Source records:

═══

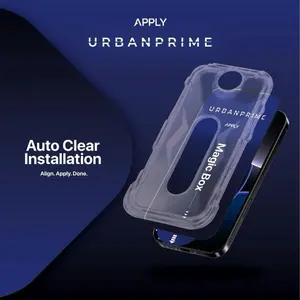 [URBANPRIME] MagicBox CLEAR Tempered Glass iPhone Easy Instal Kit, Anti Gores & Anti Pecah - Screen Protector - Auto Align Untuk Semua iPhone XR/11,12 12 Pro,13,13 ProMax,14 ProMax,15 Pro/Promax 16 Pro/Promax 17 Pro/Promax - Aksesories Layar - Apply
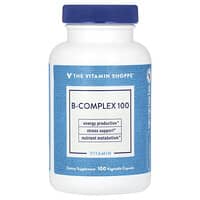 The Vitamin Shoppe, Complejo de vitaminas B 100, 100 cápsulas vegetales
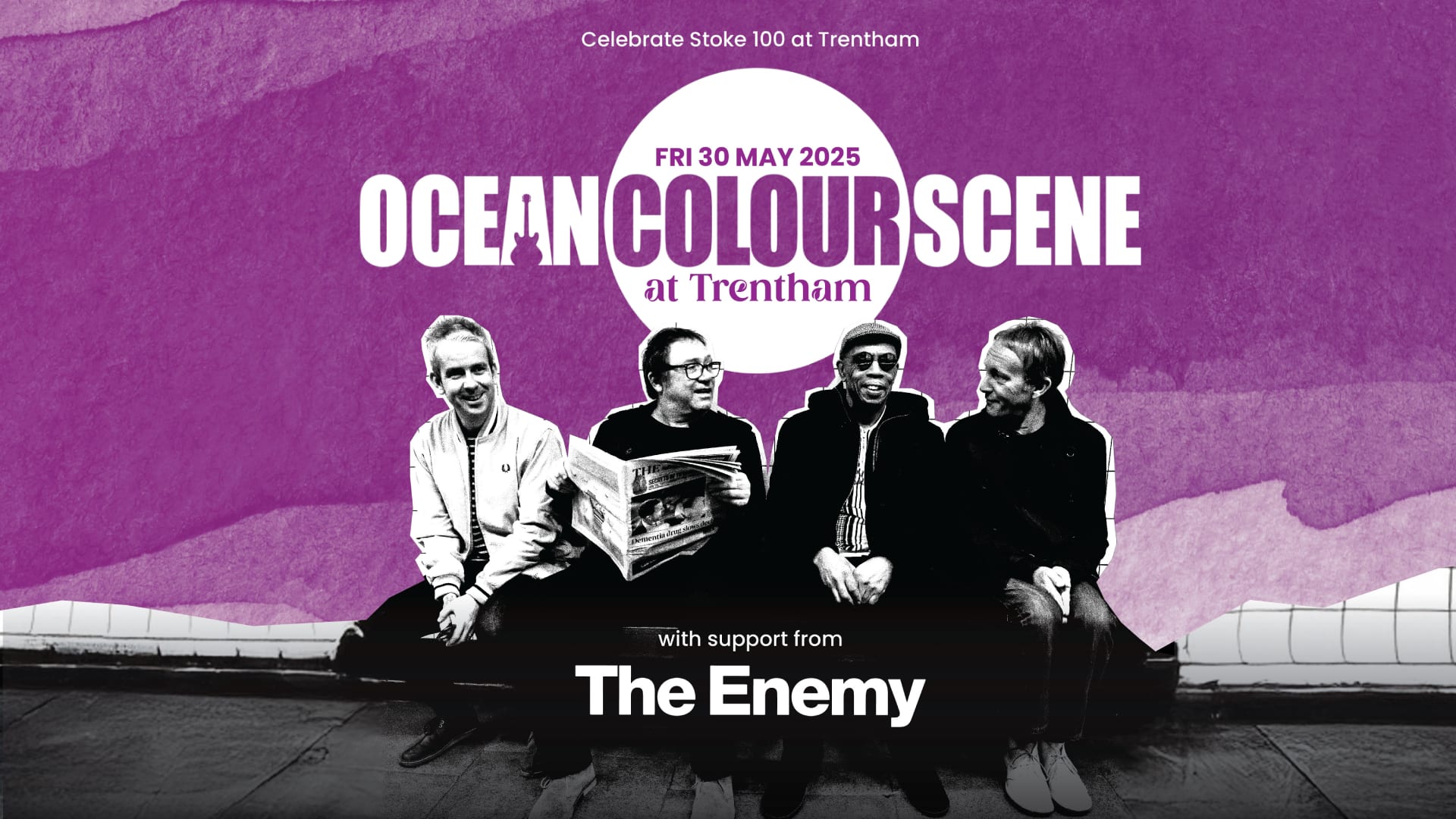 Ocean Colour Scene at Trentham with support from The Enemy
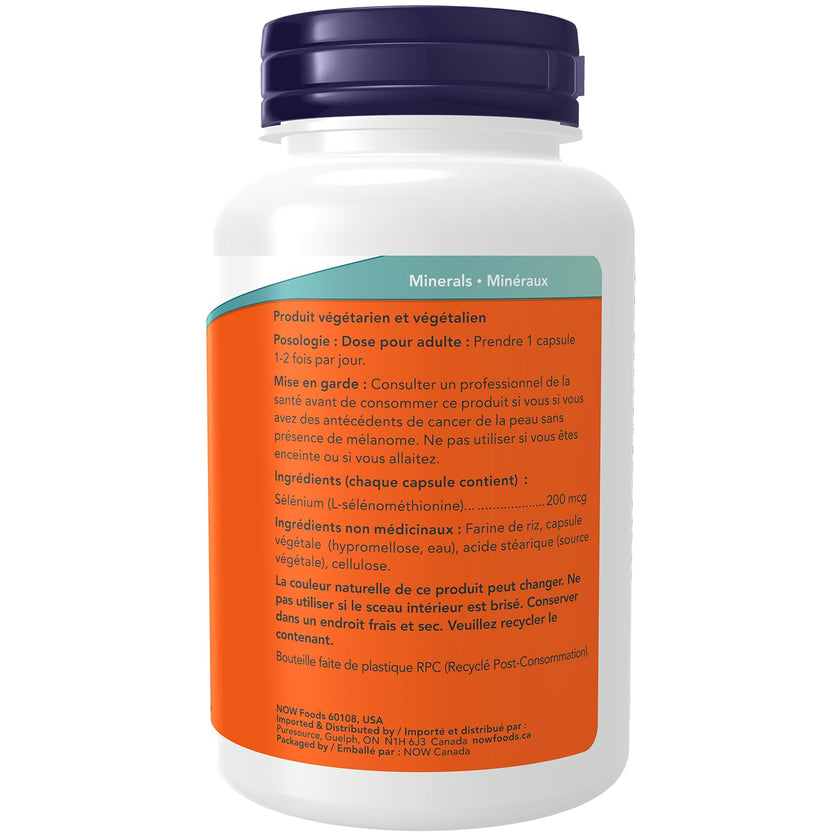 NOW Supplements, Selenium (L-Selenomethionine) 200 mcg, Essential Mineral, 1800 Veg Capsules 🍁 All In One Marketplace Canada
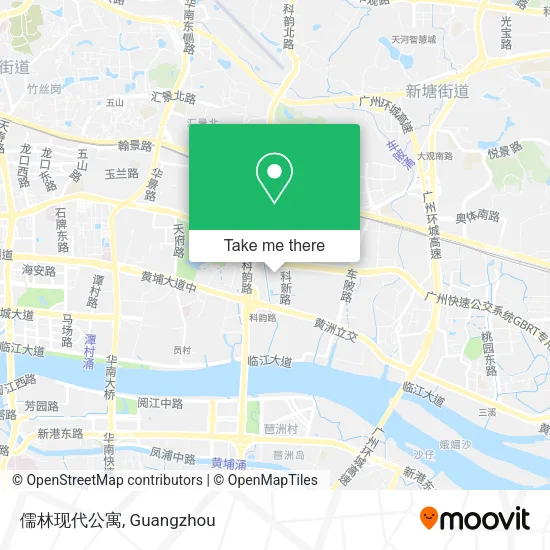 儒林现代公寓 map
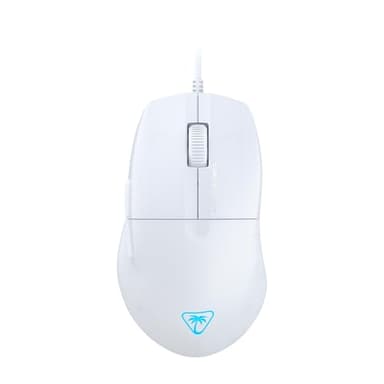 Turtle Beach Pure SEL - Ultra-Light Ergonomic RGB Gaming Mouse, 8K DPI Optical Sensor, Mechanical Switches, Pretension System, Pure PTFE Glides, RGB Illumination – White - Image 1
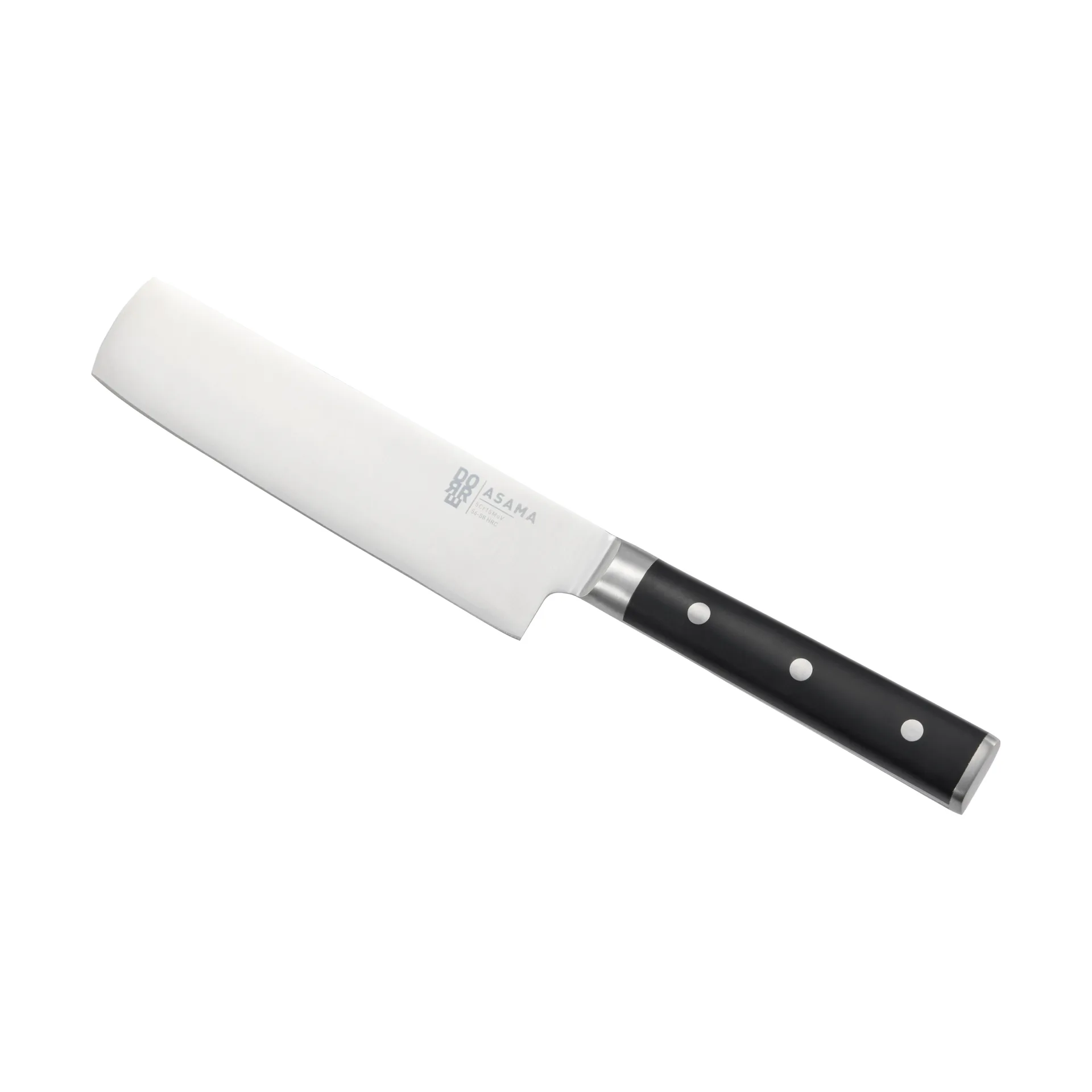 아사마 나키리 채소 칼, Stainless steel, black, 31 cm Dorre | 도레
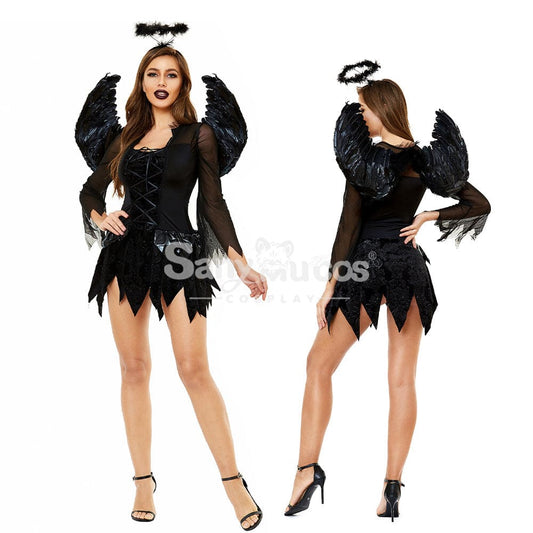 【In Stock】Halloween Cosplay Dark Angel Short Dress Costume Costumes 1000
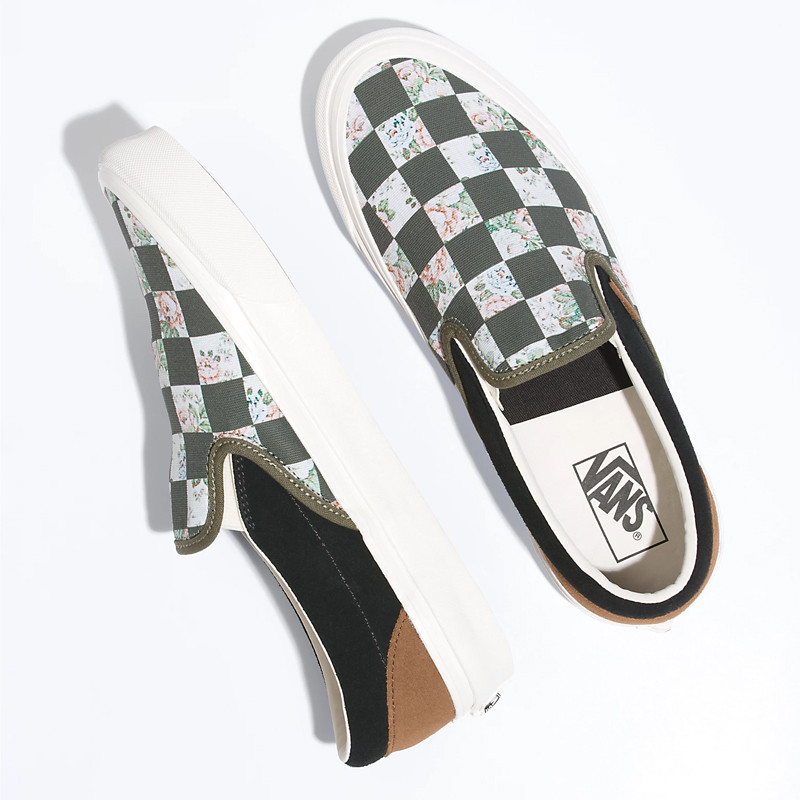 SEPATU SNEAKERS VANS BRICOLAGE CHECK CLASSIC SLIP-ON 98 DX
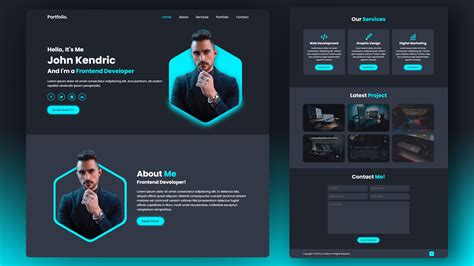 5 Personal Portfolio Complete Website using only Html Css Javascript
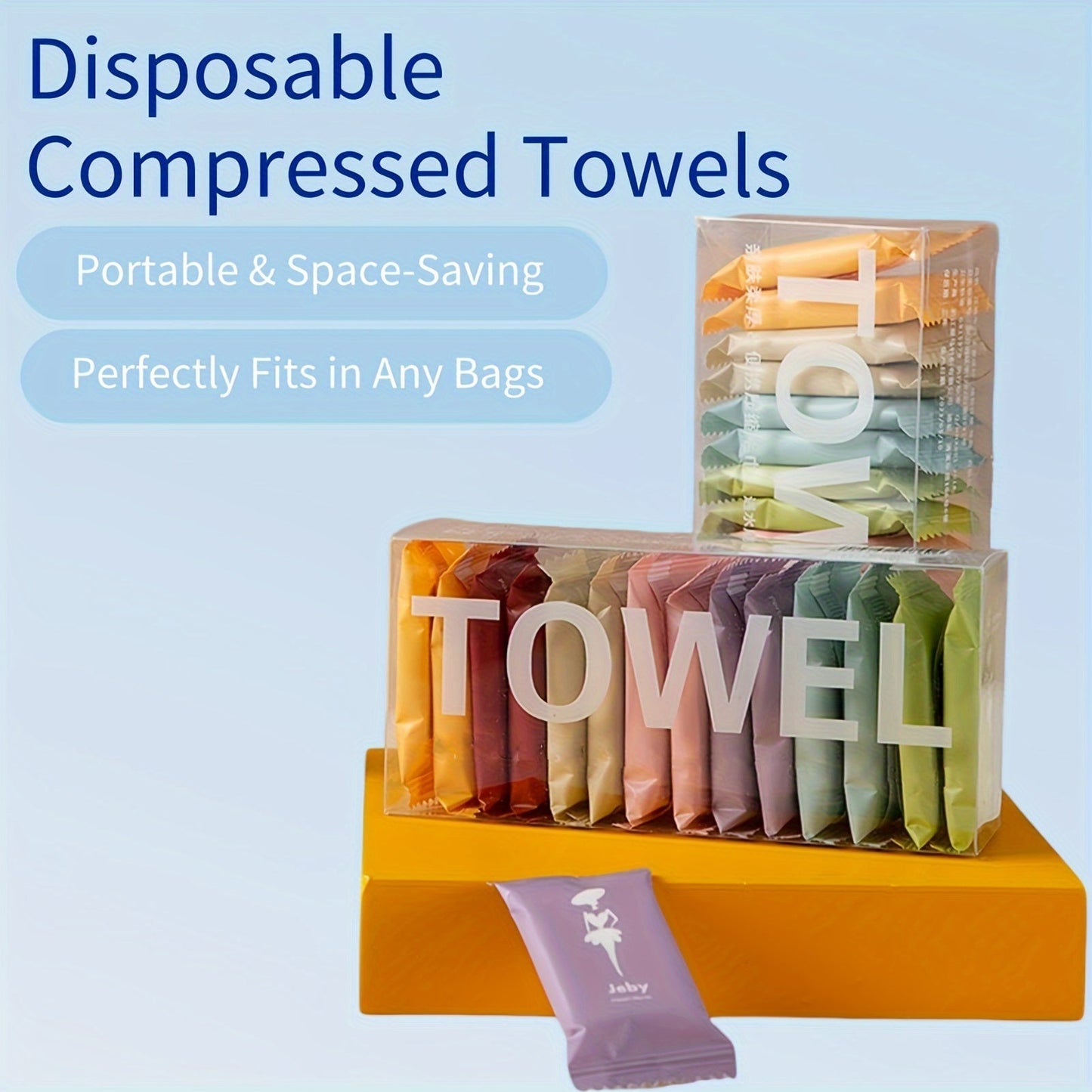 Experience the convenience of Multi-Pack Magic Compressed Towels - versatile, extra thick disposable microfiber towels that are perfect for travel, camping, hiking, beauty salon visits, and more. These large coin-shaped portable facial wipes are also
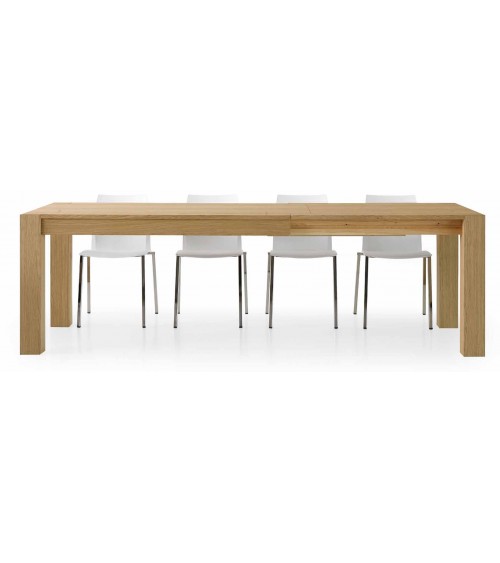 Tavolo rovere naturale spazzolato 160x90 2 allunghe 50 - T633 - 2 - Tavoli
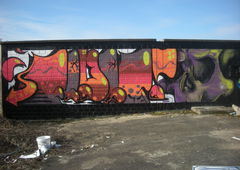 Graffiti Wall in Bonn - Photo by Nameless (2017)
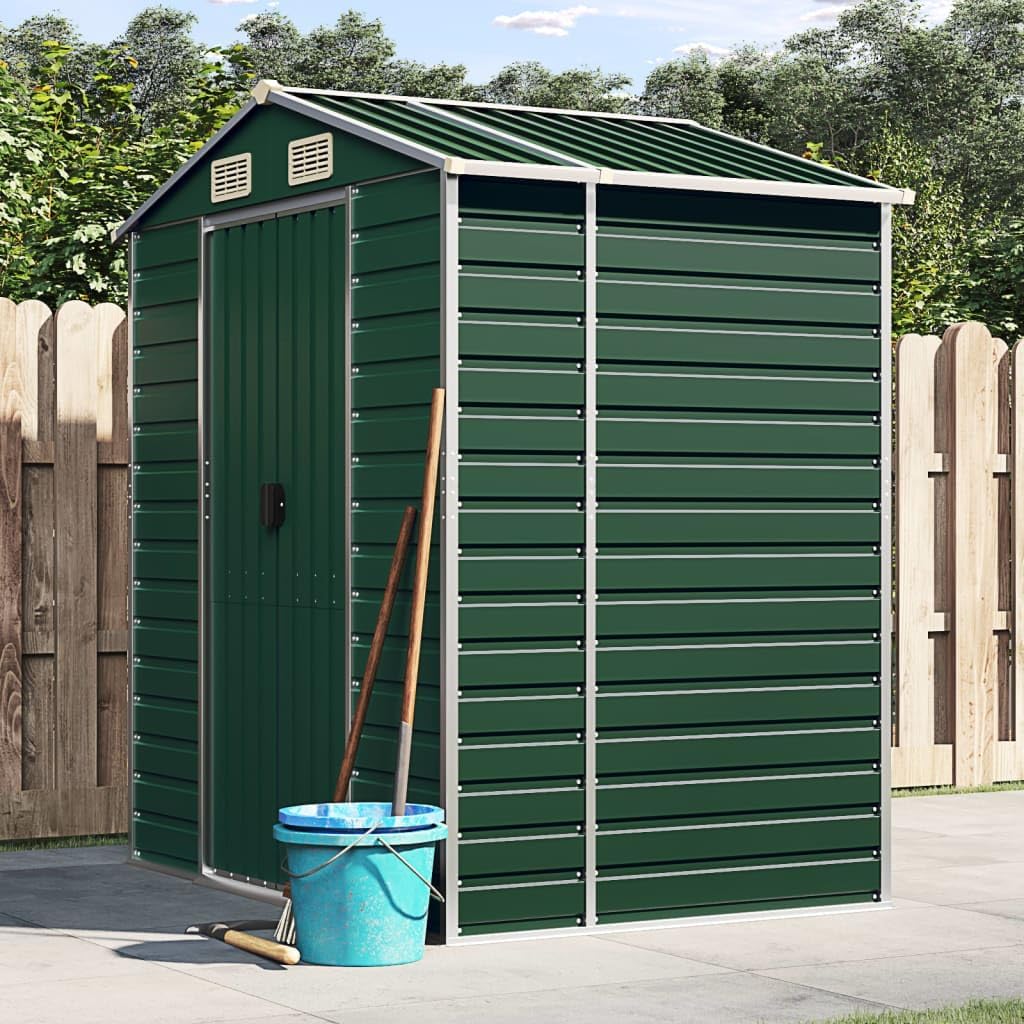 GuyAna - Abri de jardin métal 191x130x198 cm, acier galvanisé, stockage outils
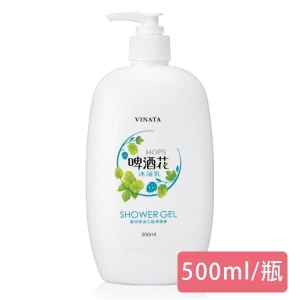 【台酒】VINATA-HOPS 啤酒花沐浴乳(500ml/瓶)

═══

Assignment: Lines from the one above containing "Turtle Beach Pure" down to the one containing "SEPATU SNEAKERS VANS" should be transcribed exactly, with both ends kept and no pictures.

Task solution:
 Turtle Beach Pure SEL - Ultra-Light Ergonomic RGB Gaming Mouse, 8K DPI Optical Sensor, Mechanical Switches, Pretension System, Pure PTFE Glides, RGB Illumination – White - Image 1
 아사마 나키리 채소 칼, Stainless steel, black, 31 cm Dorre | 도레
 【In Stock】Halloween Cosplay Dark Angel Short Dress Costume Costumes 1000
 SEPATU SNEAKERS VANS BRICOLAGE CHECK CLASSIC SLIP-ON 98 DX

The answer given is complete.